## Implementing Llama2 3B


In [3]:
import torch
import torch.nn as nn

### **Normalization**

One of the main divergences from the original GPT transformer architecture is the normalization technique. The purpose of normalization is to recenter the model weights and inputs to help stablize training and boost model convergence.
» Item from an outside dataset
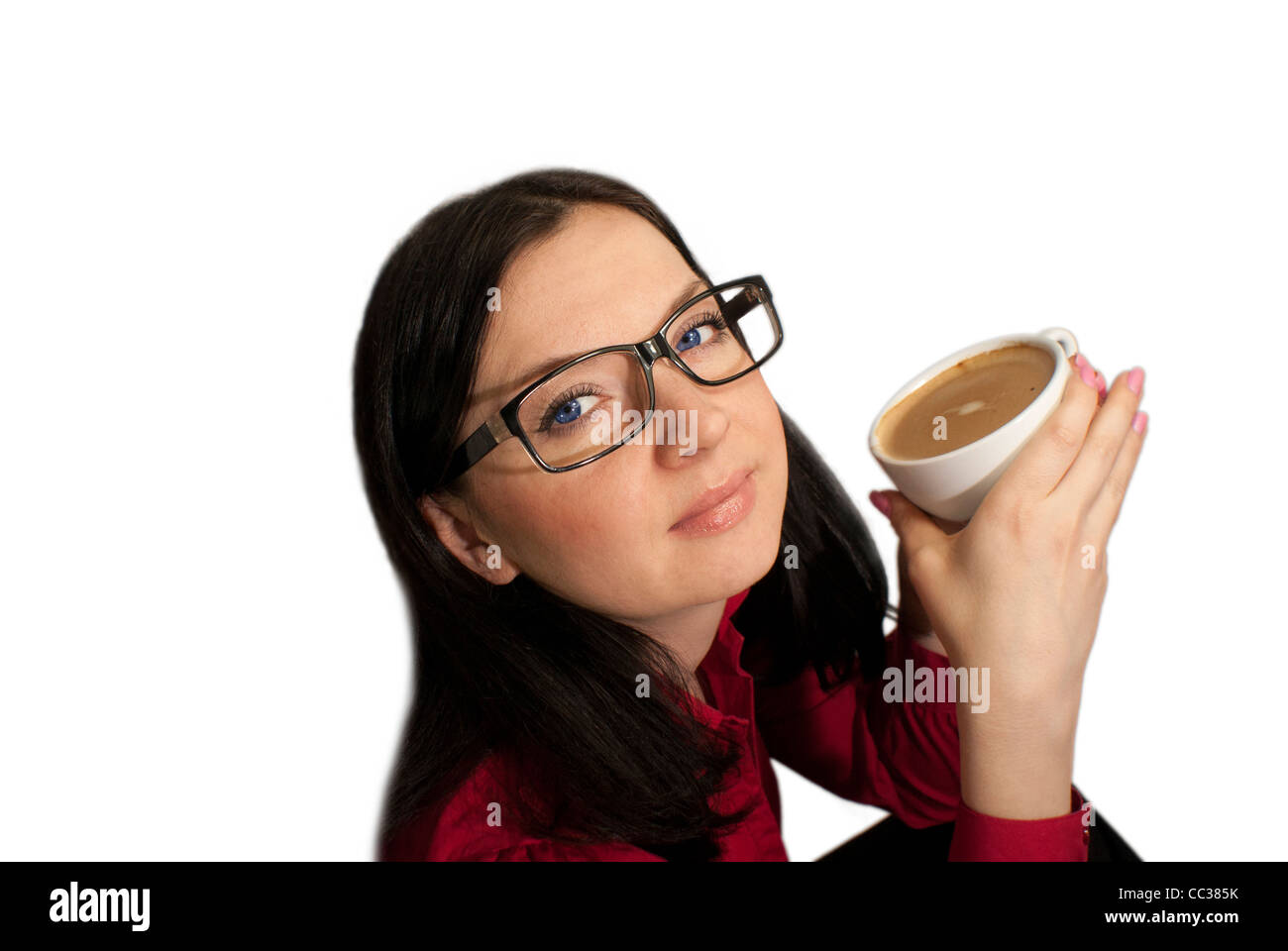 brunette girl with glasses trying to flavored coffee Stock Photo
Traditional **LayerNorm** normalizes the layers using the mean of variance across the feature dimension. There are three hyperparameters $\epsilon$, setting a floor for the fraction denominator, $\gamma$ a learnable scaling parameter and $\beta$ applying a learnable shift parameter.
$$y=\frac{x-E[x]}{\sqrt{Var(x) + \epsilon}} * \gamma + \beta$$

In the LLama2 architecture, **RMSNorm** is used (root mean square normalization). The main benefit of using RMSNorm is that it is more efficient than LayerNorm and it's performance decreases are neglible in practice. Notably, the hyperparameter $\beta$ is not used in RMSNorm

$$y_i=\frac{x_i}{\sqrt{\epsilon +\frac{1}{n}\sum{x_i^2}}}*\gamma_i$$


In [21]:
class RMSNorm(nn.Module):
    def __init__(self, embd_dim:int, eps=1e-5):
        super().__init__()
        self.eps = eps # epsilon
        self.embd_dim = embd_dim
        self.weight = nn.Parameter(torch.ones(embd_dim)).float()
    
    def forward(self, x:torch.Tensor):
        means = x.pow(2).mean(dim=-1, keepdim=True)
        x_norm = x * torch.rsqrt(means + self.eps)
        return (x_norm * self.weight).to(dtype=x.dtype)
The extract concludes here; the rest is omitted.